Material for the task

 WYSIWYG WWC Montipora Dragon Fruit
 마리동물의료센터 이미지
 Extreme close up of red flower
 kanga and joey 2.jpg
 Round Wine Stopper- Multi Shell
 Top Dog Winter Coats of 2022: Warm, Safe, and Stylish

---

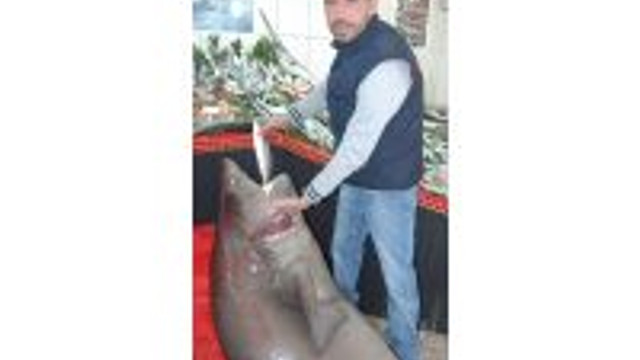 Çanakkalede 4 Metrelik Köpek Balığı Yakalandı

--

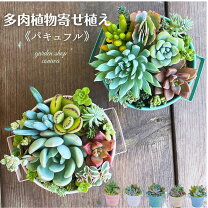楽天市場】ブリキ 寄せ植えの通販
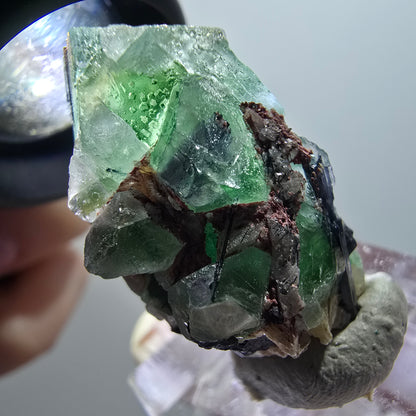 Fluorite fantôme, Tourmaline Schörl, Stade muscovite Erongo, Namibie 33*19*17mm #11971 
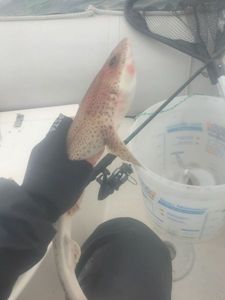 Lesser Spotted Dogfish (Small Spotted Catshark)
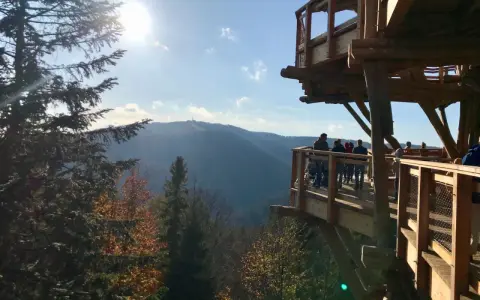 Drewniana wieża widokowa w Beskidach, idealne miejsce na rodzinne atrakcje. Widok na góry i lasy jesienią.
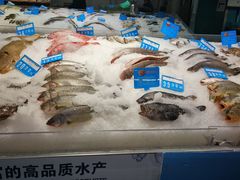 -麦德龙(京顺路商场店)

Task item
Look above for the line with "WYSIWYG WWC Montipora Dragon Fruit" and the line with "Top Dog Winter". Retype those two lines and every line between them exactly, adding nothing.

Output for this exercise
 WYSIWYG WWC Montipora Dragon Fruit
 마리동물의료센터 이미지
 Extreme close up of red flower
 kanga and joey 2.jpg
 Round Wine Stopper- Multi Shell
 Top Dog Winter Coats of 2022: Warm, Safe, and Stylish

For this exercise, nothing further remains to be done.